One interesting thing is that each of the posts/pages in this section also has an addition chart icon near them. Clicking on them gives the stats for that particular post alone. The new page shows a chart detailing how many visits occurred to that page in the last few weeks. Most interestingly , they also show the average visits per day for the last few weeks and months. This gives a glimpse into the lasting popularity of your post.
d) Search Engine Terms
I am not very clear what this exactly means – The instruction says "These are terms people used to find your blog." . I am not sure if this corresponds to search terms typed in search engines or in WordPress search boxes etc . Anyway, this panel gives information about the search terms that fetch visits to your blog.
Clicks panel shows the list of links in your blog that your visitors clicked. In a way , you can consider it as an inverse of referrers. In this case, you act as a referrer for some other blog. This post gives some hints about the type of visitors to your blog.
f) Aggregate Statistics
There is also another panel that shows some aggregate stats. This shows the total number of views to your blog so far , number of blogs and posts , email subscribers etc.
A Better Way
Using WordPress Stats page to get your data is fairly low tech. This gives some data which can only give you an instinct of how things go. But it will not give you any deeper insights. For doing more data mining, you need data – lots of data. Fortunately, WordPress makes available a stats API which you can query to get regular data. In the rest of the post , we will talk about the API and how to use the data that you get out of it.
Using WordPress Stats API
The primary url which provides the stats is http://stats.wordpress.com/csv.php . You can click on it to see the required parameters. There are 4 important parameters to this API.
a) api_key : api_key is a mandatory parameter and ensures that only owner queries the website. There are three ways to get this information. This key is emailed to you at the time you created your blog. Or you can access it at My Dashboard -> Users -> Personal Settings. This will show your api key. For the truly lazy click this url .
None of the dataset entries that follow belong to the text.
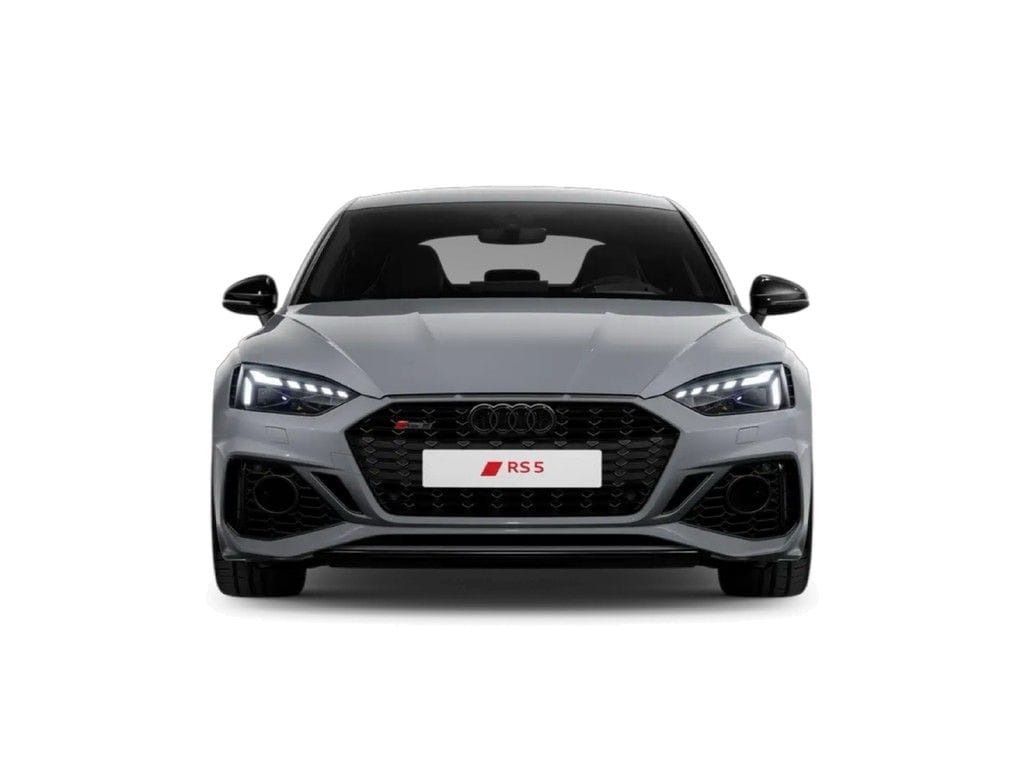 Audi RS5 Sportback 2.9 TFSI quattro . Matrix Navi HuD foto 5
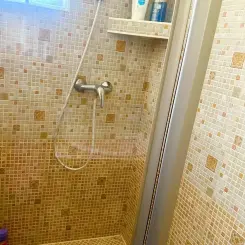 Adrienn, Szexpartner XI. kerület, 42 év nő XI. kerület Budapest Magyarország, +36306019281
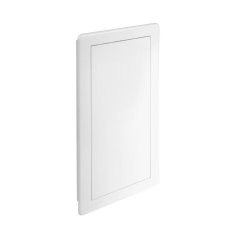 Drzwiczki rewizyjne ABS STANDERS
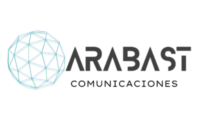 Arabast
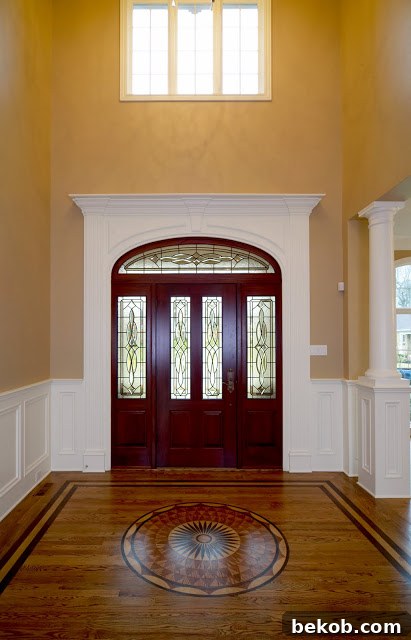 featured 10936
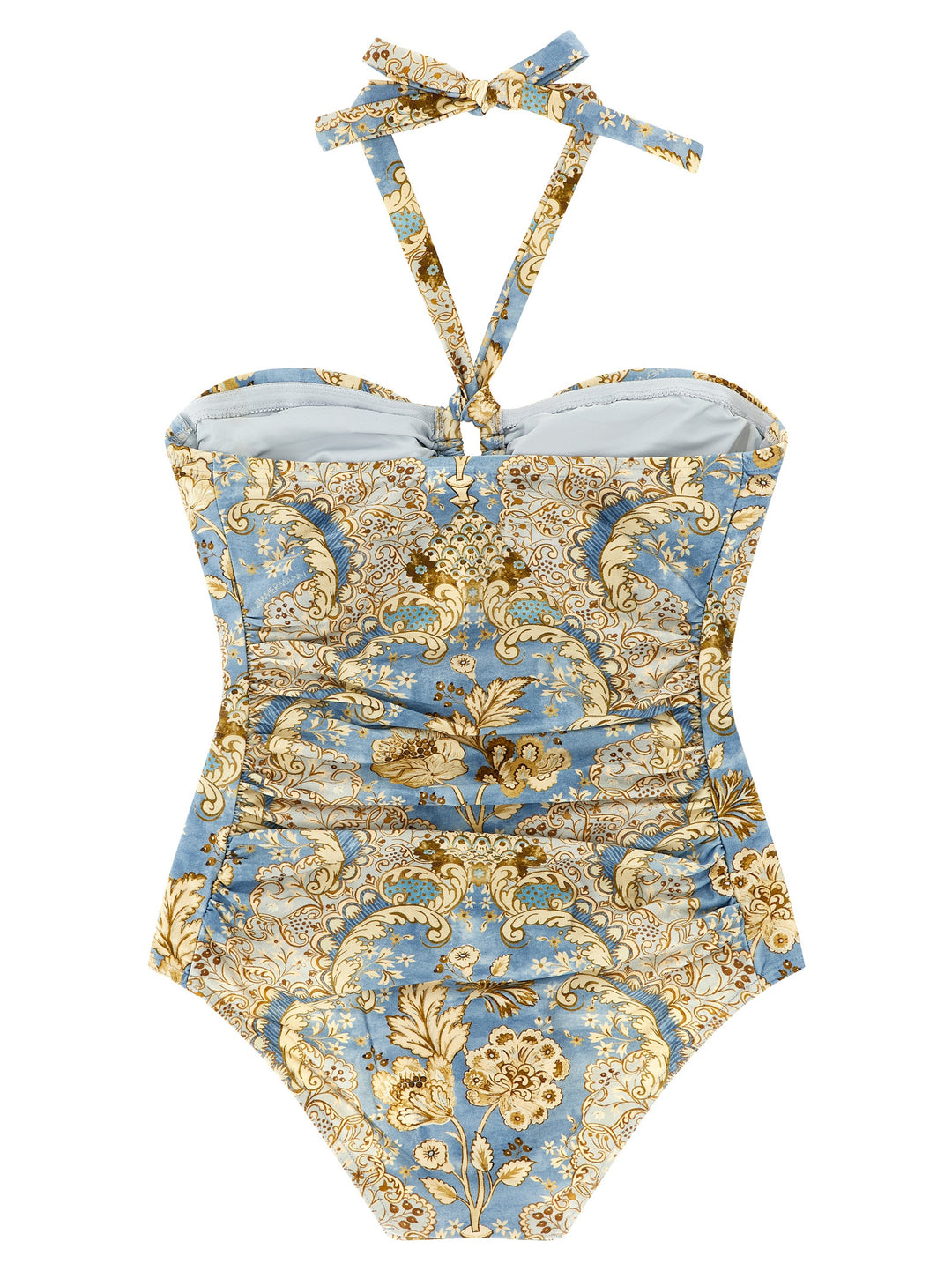 Zimmermann Daylight Beachwear - Celeste | c50851b059e9c3452e3a42ea8cd65239e8e17efa
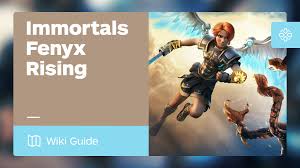 The colony leaders will remind the player of upcoming festivals on the ninth day of each season when spoken to. Immortals Fenyx Rising Wiki Guide Ign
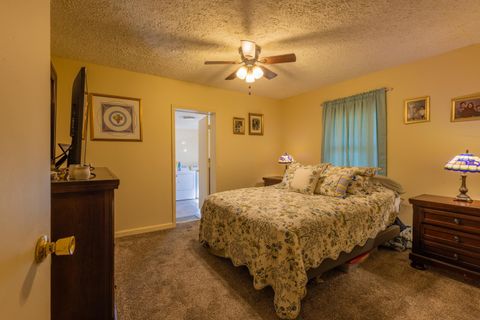 Tiny photo for 8532 Meade Springer Road Rd, Ashland, KY 41102 (MLS # 59597)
b) blog_id : This is a number which uniquely identifies your blog. Either blog_id or blog_uri is mandatory. I generally prefer blog_id. Finding blog_id is a bit tricky. Go to the blog stats page (My Account -> Stats). Click on the title link of "Top Posts and Pages". This will open a new page which shows the statistics for last 7 days. If you look at the page’s url, it will have a parameter called blog. The value of this parameter is the blog_id . Atleast for my blog , it is a 8 digit number.
c) blog_uri : If you do not want to take all the trouble of getting blog_id , use blog_uri. This is nothing but the url of your blog (http://blah.wordpress.com).
d) table : This field identifies the exact statistic you want. One of views, postviews, referrers, searchterms, clicks. Each of these correspond to the sections of WordPress stats discussed above. If table is not specified , views is selected as the default table.
You can get more details from the stats API page given above.
Sample Python Scripts to fetch WordPress Stats
I have written a few scripts which fetch each of the WordPress stats. One of them run every hour and gets the total number of views so far for the whole blog. The other scripts runs once a day and fetch the total clicks, search terms, referrer and top posts for that day. All of these store the data as a csv file which lends itself to analysis.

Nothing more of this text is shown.